In terms of difficulty, your solution will be half-way between comparing raw FFTs and the kind of research cited by lennon310.
Chord transcription from polyphonic music recordings (fully produced songs) presents a bunch of challenges such as:
Notes of a chord can be spread across the time axis (for example, the lead sheet might mention a "C" chord, but the guitar player will slowly strum each note in sequence).
Notes of a chord can be spread across several instruments - the root note played by the bass, the fifth by a background synth and the third in the vocals.
The recognition system must be robust to chord inversions.
The system must make abstraction of the timbre of the instrument playing the chord.
The boundaries between chords are not known in advance.
None of these are going to be problems for you, since what you need to recognize are single chords whose start and end time correspond to the start and end of your signal, played with the same inversion structure as the template, and probably with the same octave, and with an instrument of vaguely similar timbre.
I would thus suggest the following steps:
- One big FFT of the entirety of the recording.

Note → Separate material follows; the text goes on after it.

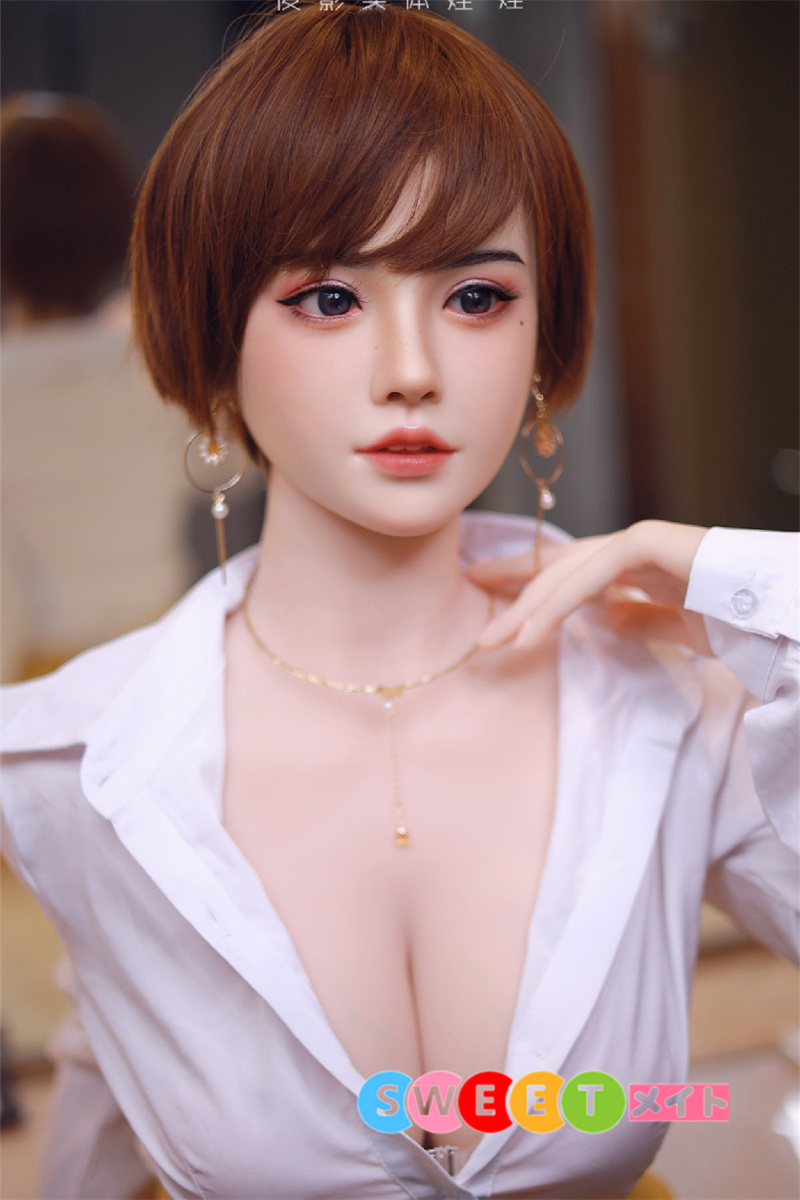 JY Doll 163cm Eカップ 云夕（Yunxi）ヘッド シリコン製頭部+TPEボディ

- Mapping of the FFT data to a constant-Q scale (such as quartertones).
- If necessary, the same NNLS estimation as in Matthias Mauch's paper - to emphasize fundamentals and attenuate harmonics - with a parameter $s$ (decay of the template harmonic combs) fine-tuned for the guitar. This gives you a vector akin to a "piano roll" slice.
- Comparison (by mean of scalar product) between the resulting vector and the template.
In particular, there is no need to use chroma features, since this would neutralize transposition/inversions errors that you might want to identify.